During Car HMI Europe, Wolfgang Klein, Design Director at Star, gave an interview about which technologies and smart mobility concepts will disrupt the HMI market over the next few years.
What are the main factors influencing current HMI developments?
The automotive sector is converging ever more strongly with other consumer, prosumer and lifestyle domains. This convergence, in turn, leads to a growing pressure from non-automotive companies in terms of the usability and performance of digital services. As a result, some OEMs now fully rely on synergies with UI existing frameworks, such as Android Auto.

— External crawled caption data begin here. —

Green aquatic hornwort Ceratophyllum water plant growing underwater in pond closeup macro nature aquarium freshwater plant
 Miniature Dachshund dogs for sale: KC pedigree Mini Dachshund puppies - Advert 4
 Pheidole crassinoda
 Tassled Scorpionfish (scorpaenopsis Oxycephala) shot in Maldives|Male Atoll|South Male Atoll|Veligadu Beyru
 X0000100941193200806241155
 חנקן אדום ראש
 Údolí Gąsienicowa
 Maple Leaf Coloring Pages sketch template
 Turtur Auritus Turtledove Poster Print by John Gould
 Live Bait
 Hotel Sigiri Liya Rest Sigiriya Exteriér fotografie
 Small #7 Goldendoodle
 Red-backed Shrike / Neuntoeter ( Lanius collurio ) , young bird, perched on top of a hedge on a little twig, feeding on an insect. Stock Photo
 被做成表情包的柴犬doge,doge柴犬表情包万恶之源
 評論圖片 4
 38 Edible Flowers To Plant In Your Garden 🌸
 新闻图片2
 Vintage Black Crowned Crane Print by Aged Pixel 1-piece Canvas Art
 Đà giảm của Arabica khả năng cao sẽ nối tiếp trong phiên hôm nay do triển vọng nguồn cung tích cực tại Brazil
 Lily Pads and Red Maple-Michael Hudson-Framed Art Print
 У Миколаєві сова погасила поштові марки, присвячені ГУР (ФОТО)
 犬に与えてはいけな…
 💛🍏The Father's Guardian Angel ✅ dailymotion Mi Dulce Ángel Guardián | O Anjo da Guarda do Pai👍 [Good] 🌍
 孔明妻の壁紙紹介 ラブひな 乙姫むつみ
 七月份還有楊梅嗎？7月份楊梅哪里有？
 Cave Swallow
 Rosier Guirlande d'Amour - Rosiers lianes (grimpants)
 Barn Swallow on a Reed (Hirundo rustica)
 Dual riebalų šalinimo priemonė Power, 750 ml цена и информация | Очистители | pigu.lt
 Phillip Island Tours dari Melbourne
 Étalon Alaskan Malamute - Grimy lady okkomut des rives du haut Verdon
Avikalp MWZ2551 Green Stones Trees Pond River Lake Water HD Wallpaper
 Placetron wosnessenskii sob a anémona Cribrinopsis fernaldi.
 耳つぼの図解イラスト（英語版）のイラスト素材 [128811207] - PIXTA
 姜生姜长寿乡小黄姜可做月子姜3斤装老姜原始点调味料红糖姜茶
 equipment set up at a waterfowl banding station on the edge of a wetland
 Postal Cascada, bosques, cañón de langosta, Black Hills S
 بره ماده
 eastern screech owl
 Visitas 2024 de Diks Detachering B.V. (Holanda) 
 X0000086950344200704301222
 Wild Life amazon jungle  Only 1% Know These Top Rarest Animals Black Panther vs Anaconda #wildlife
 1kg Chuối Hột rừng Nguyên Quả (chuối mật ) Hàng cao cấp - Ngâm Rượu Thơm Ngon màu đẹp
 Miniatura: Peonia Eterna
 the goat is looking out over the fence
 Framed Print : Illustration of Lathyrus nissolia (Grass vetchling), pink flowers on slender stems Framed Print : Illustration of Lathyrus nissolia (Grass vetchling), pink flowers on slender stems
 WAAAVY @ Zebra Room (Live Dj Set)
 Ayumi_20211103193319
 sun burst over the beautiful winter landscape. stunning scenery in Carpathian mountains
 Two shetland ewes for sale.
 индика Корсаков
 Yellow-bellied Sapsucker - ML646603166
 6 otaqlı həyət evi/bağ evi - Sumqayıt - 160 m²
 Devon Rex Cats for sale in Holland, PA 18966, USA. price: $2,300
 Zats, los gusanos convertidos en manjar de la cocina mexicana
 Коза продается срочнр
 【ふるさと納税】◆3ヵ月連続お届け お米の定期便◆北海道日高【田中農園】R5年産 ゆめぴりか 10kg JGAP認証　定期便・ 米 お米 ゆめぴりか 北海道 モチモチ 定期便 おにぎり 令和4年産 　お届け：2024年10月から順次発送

Another macro trend is the shared ownership of cars, which extends the customer journey (through constant on- and offboarding) and requires more transparent asset management (by showing when and where potential cars are located).
Which new technologies and smart mobility concepts do you think will disrupt the HMI market and why?
Visual HMIs seem to have reached a level of maturity, having successfully made the computer personal. The next frontier, as I see it, will be to make the computer a person. Already today, voice assistance is a bustling melting pot for machine learning and audio-driven interfaces. Another main disruptor for the HMI market will be sophisticated telepresence technology, including AR. Besides creating more immersive experiences, they might cut out the necessity to travel in the first place. Data and machine learning will play an ever more important role in providing connectivity, seamlessness, comfort, personalization and efficiency during our time on-the-go. Whoever succeeds in bridging the gap between OEMs, mobility service providers, and other moving parts in the mobility ecosystem, will disrupt the market.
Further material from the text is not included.